LONDON, Nov 3 (Reuters) – The future is bright. The future is electric. The green technology revolution lit up this year’s London Metals Exchange (LME) Week. “Electric vehicles are a great long-term story” for industrial metals, according to Colin Hamilton, head of commodities research at BMO Capital Markets.
And this is a sector that has been looking for exactly that since the abrupt demise of the “super-cycle” story that accompanied the last big bull rally. Copper has traditionally been the talk of the LME Week cocktail parties and dinners because this is the time Chilean producer Codelco announces its premiums for the coming year.
But this year copper was rudely shoved out of the London limelight by new hot metals such as lithium, cobalt and nickel. Particularly nickel, another core metallic component of the lithium-ion batteries that are going to power all those electric vehicles (EVs).

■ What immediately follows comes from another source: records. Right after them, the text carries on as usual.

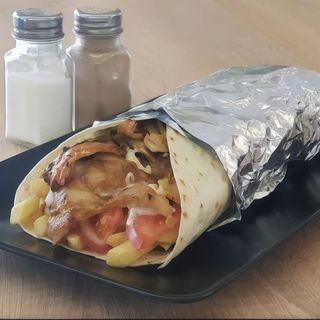 Shaorma cu carne de pui si curcan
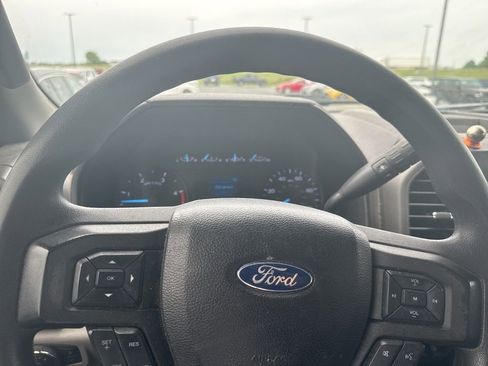 Used 2019 Ford F250 XL w/ STX Appearance Package AWD/4WD image 12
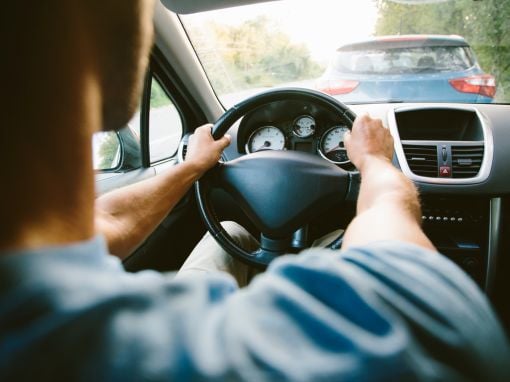 Tipos de ruidos en la dirección del coche: Silbidos al girar en frío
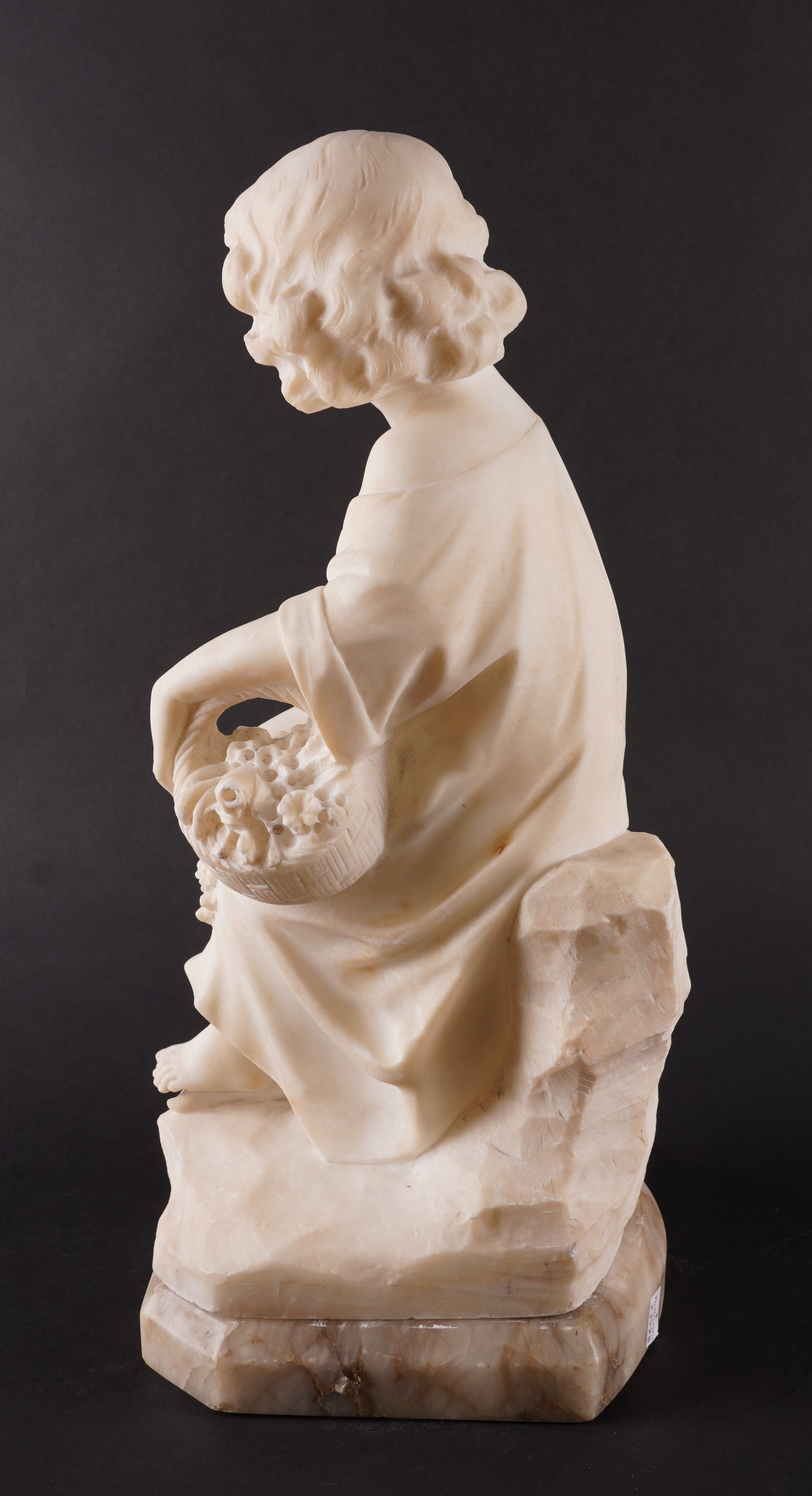 AN ITALIAN CARVED ALABASTER FIGURE OF A SEATED GIRL ON BASE - Image 2 of 5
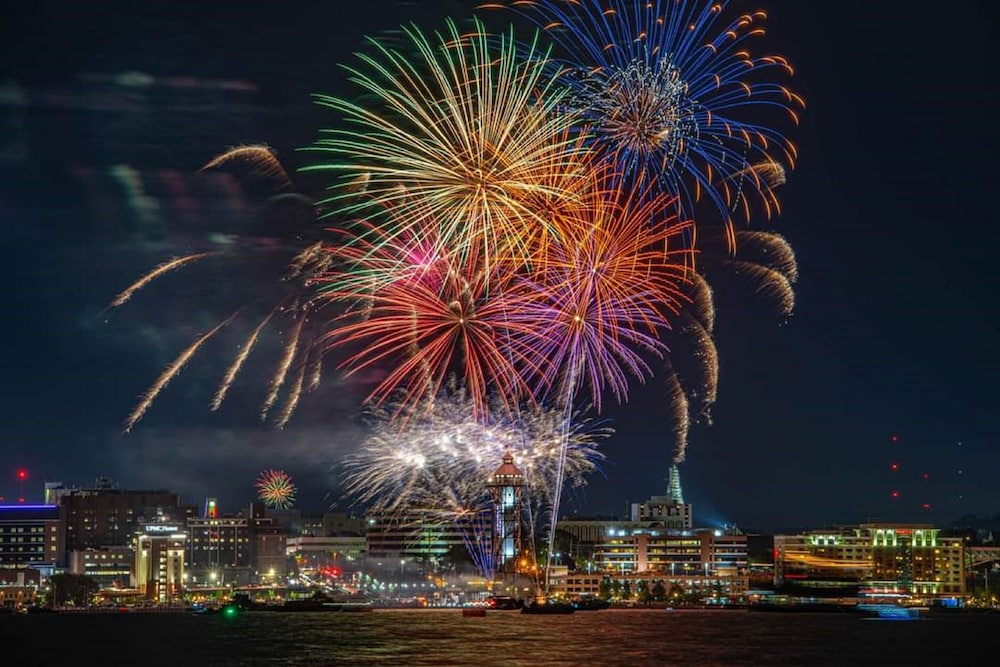 Courtyard by Marriott Erie Bayfront - photo 85
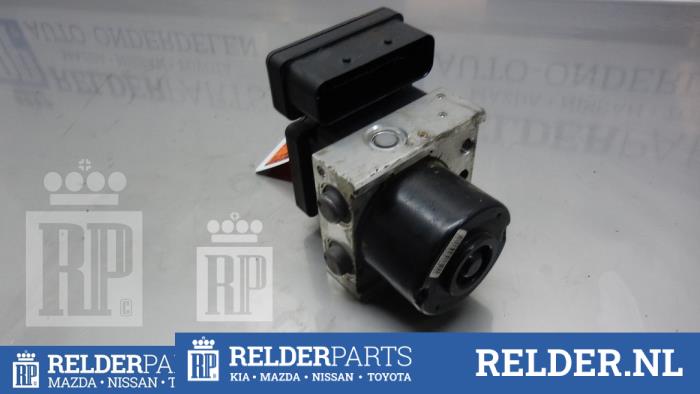 Begagnade ABS-pump Mazda 3 Sport (BK) 1.6 CiTD 16V Pris € 68,00 Marginaltabell erbjuds av Relder Parts B.V.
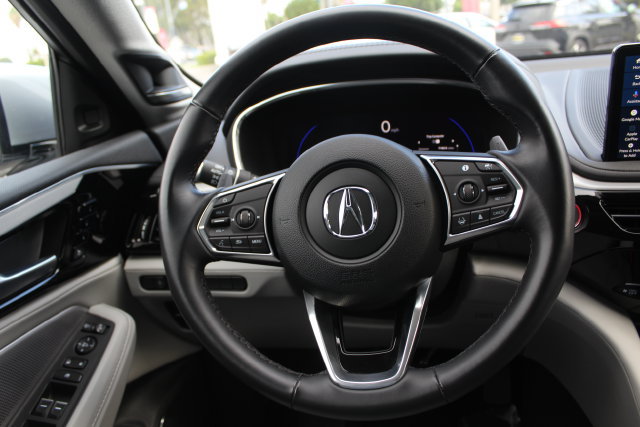 Used 2025 Acura MDX w/ Technology Package FWD image 39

The verbal buzz quickly translated to trading buzz. Nickel went on a turbo-charged, heavy-volume rally in both London and Shanghai. LME three-month nickel hit a two-year high of $13,030 per tonne on Wednesday.
Which may be just a little bit premature in terms of its usage in electric vehicles, a slow-burn story over the next couple of years at least. But it was symptomatic of this week’s focus on the sunny electric uplands rather than the more prosaic short-term outlook.